Crooked politicians are often the poster boy for greater campaign finance regulation, used to justify every imaginable measure of government control over speech, from caps on donations to what words can appear in political advertising. In the eyes of many who wish to further regulate political speech, simply parading around corrupt officials is often enough to warrant more restrictions on what the average Joe can say when he wants to get involved in the political process.
But the dirty little secret of so-called campaign finance “reforms” is that they have nothing – NOTHING – to do with the kind of corruption that is splashed across the pages of the New York Times.
Take the trial of former New York State Senator, Malcolm Smith. Smith, a prominent Democratic State Senator from Queens, wanted to run for mayor of New York City as a Republican and, to further this end, is accused of bribing two Republican City Councilmen to help get his name on the ballot. The whole affair is full of the kind of underhanded dealings normally reserved for the movies, complete with brown paper bags filled with cash and wire-tapped meetings with FBI informants in empty parking lots. Smith and his co-conspirators have been charged with wire fraud, mail fraud, bribery, and extortion.
What they are not being charged with, however, is violating New York’s endless campaign finance red tape.
Campaign finance laws, despite what their supporters will tell you, do not fight political corruption – at least not the “Malcolm Smith-style” corruption that most Americans imagine. There have been U.S. laws against real corruption since 1789. When campaign finance “reformers” discuss the problem of corruption, they are talking about individual citizens (at least the ones they disagree with) who, in the minds of the speech regulatory community, are voicing their opinions “too loudly” and, therefore potentially influencing politicians too much.
If anything, campaign finance regulations help encourage true, overt corruption by bolstering incumbency and transforming every statehouse in the country into a network of political insiders.
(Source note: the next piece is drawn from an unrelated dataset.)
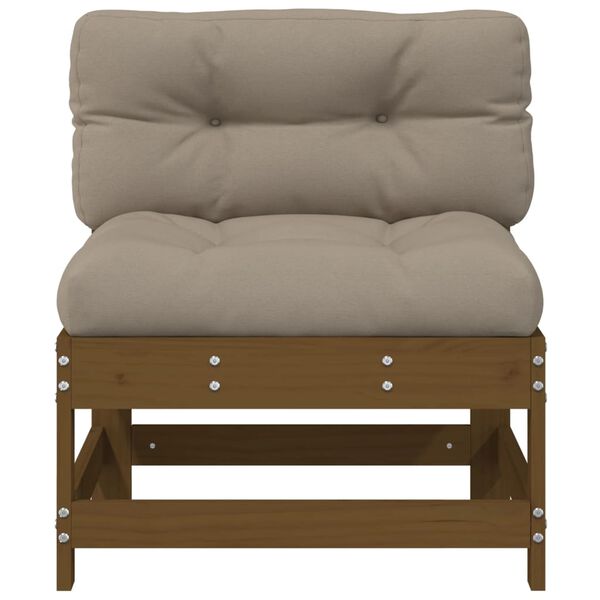 vidaXL Mittelsofa mit Kissen Honigbraun Massivholz Kiefer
Entrenched incumbents have far less fear of disappointing their constituents, seldom have to worry about a well-financed challenger finding the skeletons in their closet, and are often able to avoid the light of public scrutiny that comes with a contested election. Without those checks on political power, unscrupulous politicians are more likely to engage in nefarious behavior.
That is not to say that all politicians are corrupt. Based on the rarity of instances of true corruption, quite the opposite is probably the case. And in those rare cases, we already have a plethora of laws on the books to properly and severely punish those criminals.
So, it is important not to be fooled by the “corruption” sleight of hand – imagining that campaign finance regulations stop paper bag bribes and shady business deals – when they actually censor the “undesirable” opinions of millions of Americans.